Continua a crescere la produzione petrolifera della Libia, paese ancora attraversato da una guerra civile strisciante che ha colpito pesantemente l’industria delle estrazioni ma che in questi mesi sembra aver concesso una sorta di tregua grazie a cui l’export di greggio è potuto aumentare.
Secondo i dati forniti dalla società genovese di brokeraggio navale banchero costa, che cita fonti OPEC, tra la fine del 2015 e l’inizio del 2016 la Libia produceva in media 0,4 milioni di barili di petrolio al giorno, mentre a luglio 2017 è stato toccato un picco pari a 1 milione di barili al giorno.
Questo trend positivo ha portato la Libia a pesare per il 2,4% sulla produzione complessiva dell’area OPEC, rispetto al 1,2% del 2016, ma complica ulteriormente gli sforzi dell’organizzazione per tentare di ridurre l’output complessivo e quindi sostenere una ripresa del prezzo al barile. Al momento, comunque, lo stato nordafricano, pur essendo un membro OPEC è esentato dai nuovi limiti e la National Oil Corporation (NOC) ha dichiarato di voler raggiungere entro fine anno un livello di almeno 1,25 barili al giorno (prima della crisi del 2011 la Libia produceva 1,6 milioni di barili al giorno) prima di prendere in considerazione qualsiasi possibile accordo su un contingentamento dell’export.
L’incremento dei livelli produttivi è andato a beneficio dei paesi europei che storicamente sono tra i principali acquirenti del greggio libico: innanzitutto la Germania, le cui importazioni sono incrementate del 300% a quota 3,7 milioni di tonnellate nei primi 9 mesi del 2017 (rispetto allo stesso periodo dello scorso anno), poi l’Italia (+200% a 3,2 milioni di tonnellate) e anche la Spagna.
Ma parallelamente sono aumentate anche le spedizioni a lungo raggio, verso compratori del Far East, con in testa Cina e Corea del Sud – sempre secondo i dati forniti dal report di banchero costa – che nel corso del 2017 hanno acquistato rispettivamente 2,1 milioni di tonnellate e 1 milione di tonnellate di petrolio libico, con incrementi del 274% e 111% rispetto allo stesso periodo dell’anno precedente.
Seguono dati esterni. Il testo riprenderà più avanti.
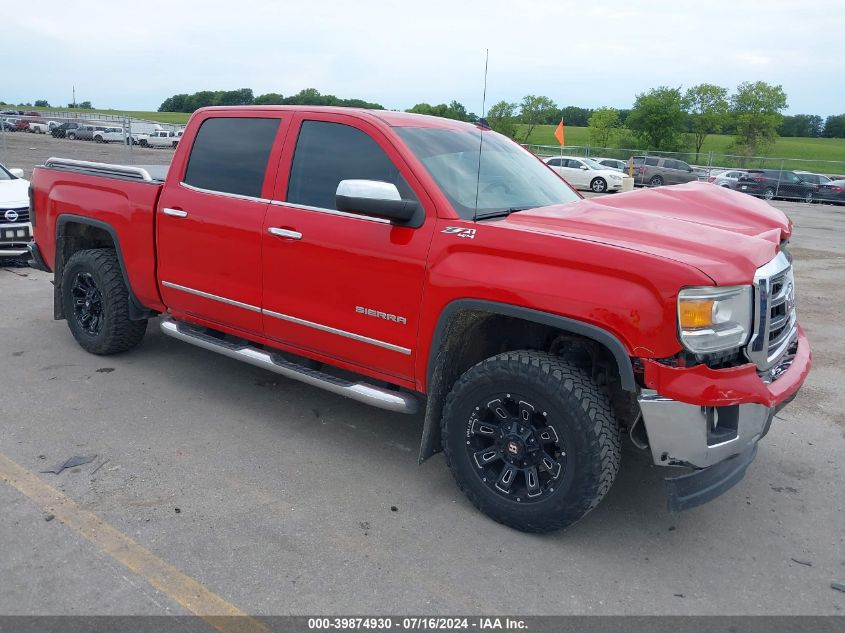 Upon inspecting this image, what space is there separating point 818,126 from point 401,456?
135981mm

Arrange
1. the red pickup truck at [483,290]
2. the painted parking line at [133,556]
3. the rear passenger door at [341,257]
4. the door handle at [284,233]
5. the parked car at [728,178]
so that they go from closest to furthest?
the painted parking line at [133,556] < the red pickup truck at [483,290] < the rear passenger door at [341,257] < the door handle at [284,233] < the parked car at [728,178]

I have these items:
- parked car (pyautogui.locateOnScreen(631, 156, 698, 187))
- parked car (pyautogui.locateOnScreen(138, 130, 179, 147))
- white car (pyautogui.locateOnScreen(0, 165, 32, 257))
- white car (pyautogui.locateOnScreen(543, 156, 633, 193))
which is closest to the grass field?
parked car (pyautogui.locateOnScreen(631, 156, 698, 187))

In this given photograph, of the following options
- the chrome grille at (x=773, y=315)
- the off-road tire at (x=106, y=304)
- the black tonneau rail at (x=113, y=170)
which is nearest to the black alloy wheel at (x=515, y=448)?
the chrome grille at (x=773, y=315)

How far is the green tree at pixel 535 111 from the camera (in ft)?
172

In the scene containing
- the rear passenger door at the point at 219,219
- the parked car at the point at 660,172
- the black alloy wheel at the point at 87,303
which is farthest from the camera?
the parked car at the point at 660,172

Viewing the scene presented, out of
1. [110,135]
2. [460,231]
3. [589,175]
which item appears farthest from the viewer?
[110,135]

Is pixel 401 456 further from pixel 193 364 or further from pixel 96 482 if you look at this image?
pixel 193 364

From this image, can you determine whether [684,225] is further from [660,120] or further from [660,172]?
[660,120]

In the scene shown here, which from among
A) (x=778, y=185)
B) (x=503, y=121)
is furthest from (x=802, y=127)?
(x=778, y=185)

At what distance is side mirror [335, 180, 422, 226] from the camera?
373 cm

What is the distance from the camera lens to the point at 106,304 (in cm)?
564

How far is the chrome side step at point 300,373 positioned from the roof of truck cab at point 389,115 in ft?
4.98

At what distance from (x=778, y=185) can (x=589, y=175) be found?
757 centimetres

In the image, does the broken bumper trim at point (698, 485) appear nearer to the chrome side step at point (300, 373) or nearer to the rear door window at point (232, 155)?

Una dinamica che tuttavia potrebbe essere almeno parzialmente influenzata dal taglio dell’export attuato da alcuni dei principali produttori dell’area OPEC, tradizionali fornitori delle economie asiatiche, come Arabia Saudita e Iraq.
La Libia, comunque, mantiene le sue ambizioni di crescita, che però devono scontrarsi con una serie di problemi operativi causati dal perdurante stato di instabilità politica, come la chiusura dei porti petroliferi di As Sidrah e Ras Lanuf e il pesante taglio al budget di NOC, che al momento non disporrebbe delle risorse necessarie per poter riparare gli impianti di produzione danneggiati durante la guerra civile.
Senza considerare che le oil major internazionali sono ancora riluttanti ad impiegare risorse economiche e umane in Libia, come per esempio nel caso del giacimento Sharara, il più grande del paese, che è controllato da una joint-venture tra NOC, Repsol, Total, OMV e Statoil e che è stato più volte bloccato da milizie locali.
In questo scenario, quindi, è probabile che i livelli di produzione petrolifera della Libia resteranno piuttosto volatili: ci saranno picchi di incremento che però non è detto possano poi stabilizzarsi sul lungo periodo.